Coach Brenton says his side’s first-half performance put them in a precarious position for the rest of the game.
“In any sport, there is a focus on what happens in the last quarter, but we gave them a 10-point head start in the first quarter, we weren’t switched on with our finishing,” Coach Brenton says.
“I thought our defence was pretty good all game, it’s just that we didn’t finish as well as we should have.”
Despite the poor first half, West Adelaide looked like they might claim a finals spot as the game got underway after halftime.
The Bearcats started consistently knocking down shots, and a run of 11 unanswered points meant the home side were up for the first time all night halfway through the third quarter.
Tahlia Fejo led the comeback with 8 points including an acrobatic three-point play which had the crowd on their feet. Keeley Pearce chipped in with an unlikely jump shot followed by a huge block on Southern’s Ashley Olvera.
But Molly McKendrick’s fadeaway just before the three-quarter time break gave Southern some momentum heading into the final quarter, cutting West Adelaide’s lead to an uncomfortable 59-55.
After being kept quiet for the majority of the game, Demi Skinner came alive for the Tigers when it counted; scoring 8 points in the first five minutes of the fourth quarter.
On the other side of the court, West Adelaide’s offence stuttered at the crucial moment and could only muster 10 points in the final 10 minutes.
The last quarter of West Adelaide’s season was littered with shaky moments and uncharacteristic missed shots; Coach Brenton says that while pressure played a role in their poor finish, they gave themselves too much to do in the long run.
“To be honest and this will sound a little bit stupid, but they didn’t beat us…we just didn’t finish, we didn’t do the things to get us over the line,” Coach Brenton says.
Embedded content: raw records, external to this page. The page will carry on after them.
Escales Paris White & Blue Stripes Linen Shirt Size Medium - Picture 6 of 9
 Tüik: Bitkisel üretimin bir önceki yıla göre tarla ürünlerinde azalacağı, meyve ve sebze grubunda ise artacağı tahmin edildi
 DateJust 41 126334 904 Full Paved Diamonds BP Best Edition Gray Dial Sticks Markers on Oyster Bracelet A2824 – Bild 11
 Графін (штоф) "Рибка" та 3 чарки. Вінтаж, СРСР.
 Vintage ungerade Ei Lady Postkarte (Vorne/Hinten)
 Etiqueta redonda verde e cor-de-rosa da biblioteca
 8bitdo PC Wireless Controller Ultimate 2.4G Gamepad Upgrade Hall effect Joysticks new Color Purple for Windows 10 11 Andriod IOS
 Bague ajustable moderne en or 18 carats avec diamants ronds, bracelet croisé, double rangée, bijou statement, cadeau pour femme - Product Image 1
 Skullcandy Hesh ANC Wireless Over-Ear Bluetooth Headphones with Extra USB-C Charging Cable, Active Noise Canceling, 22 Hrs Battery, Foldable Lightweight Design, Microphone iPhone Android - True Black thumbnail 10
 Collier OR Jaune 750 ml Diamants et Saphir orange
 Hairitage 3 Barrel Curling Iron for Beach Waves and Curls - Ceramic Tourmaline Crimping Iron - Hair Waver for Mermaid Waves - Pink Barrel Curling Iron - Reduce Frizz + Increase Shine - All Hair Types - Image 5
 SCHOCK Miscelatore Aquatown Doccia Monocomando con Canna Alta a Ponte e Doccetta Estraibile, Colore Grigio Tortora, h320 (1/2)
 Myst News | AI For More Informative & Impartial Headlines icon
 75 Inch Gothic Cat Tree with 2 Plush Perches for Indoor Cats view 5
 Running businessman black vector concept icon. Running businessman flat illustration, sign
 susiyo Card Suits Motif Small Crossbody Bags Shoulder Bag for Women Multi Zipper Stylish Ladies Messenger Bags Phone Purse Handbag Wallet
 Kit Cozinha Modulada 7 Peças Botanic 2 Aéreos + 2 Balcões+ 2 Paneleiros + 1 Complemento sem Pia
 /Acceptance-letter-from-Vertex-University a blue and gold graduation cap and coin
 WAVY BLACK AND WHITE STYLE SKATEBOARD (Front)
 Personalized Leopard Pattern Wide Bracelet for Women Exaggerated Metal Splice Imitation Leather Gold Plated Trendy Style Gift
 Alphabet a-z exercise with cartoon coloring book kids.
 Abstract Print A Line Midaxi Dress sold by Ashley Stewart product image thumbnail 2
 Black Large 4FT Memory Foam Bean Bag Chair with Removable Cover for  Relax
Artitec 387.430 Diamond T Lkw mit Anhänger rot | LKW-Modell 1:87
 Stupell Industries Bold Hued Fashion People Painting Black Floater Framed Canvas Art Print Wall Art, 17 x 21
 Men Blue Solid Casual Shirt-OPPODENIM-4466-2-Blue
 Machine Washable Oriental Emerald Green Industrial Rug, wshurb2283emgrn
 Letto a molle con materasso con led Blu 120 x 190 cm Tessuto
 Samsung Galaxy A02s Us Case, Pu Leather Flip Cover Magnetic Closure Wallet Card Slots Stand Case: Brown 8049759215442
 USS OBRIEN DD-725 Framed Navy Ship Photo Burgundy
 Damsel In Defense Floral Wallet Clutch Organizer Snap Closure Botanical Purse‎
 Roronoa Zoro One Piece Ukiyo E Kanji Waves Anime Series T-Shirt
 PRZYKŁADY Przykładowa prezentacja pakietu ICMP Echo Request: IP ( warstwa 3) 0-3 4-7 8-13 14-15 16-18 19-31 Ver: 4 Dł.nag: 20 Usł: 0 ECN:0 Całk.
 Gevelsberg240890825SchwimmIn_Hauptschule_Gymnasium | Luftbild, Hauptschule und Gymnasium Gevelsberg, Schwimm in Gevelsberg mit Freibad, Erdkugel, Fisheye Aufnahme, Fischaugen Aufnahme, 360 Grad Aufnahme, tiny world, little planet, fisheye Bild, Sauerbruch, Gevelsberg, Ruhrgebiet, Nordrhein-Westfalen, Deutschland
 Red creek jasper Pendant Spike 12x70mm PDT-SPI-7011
“I think pressure does play a part and people tightened up a little bit and that’s what’s natural.
“They’re going to be the obvious ones that people talk about but at the end of the day we shouldn’t have been in that position.”
Despite a heartbreaking end to the season, the vibes around West Adelaide’s womens program are very positive, and a bright future is ahead for a group which improved significantly on their 7-11 record last season.
“The pleasing thing about this group is that they’re young…10-8 is a good record for an average age of 22,”
“Let’s not forget in our starting five tonight we had a girl that’s come out of the under 18s last year (Jasmin Fejo), we’ve got Molly Whitmore who’s still playing under 18s.
“80-90% of the group have been through our under 10s program all the way up through juniors so there’s a lot to love about the group.”
The Bearcats also said goodbye to loved and respected veteran Alice Gee, who retired after over 150 games in the league.
In a heartfelt Facebook post after the game, West Adelaide Assistant Coach Morgan Treloar thanked Gee for her time at the club.
“A much-loved junior coach, Alice has touched the hearts of many,” Coach Treloar wrote.
“Perhaps more valuable than her ever obvious talent was her heart, her kindness and her willingness to give selflessly to our club and our juniors.”
“We couldn’t be prouder of the player, coach and person that she is.”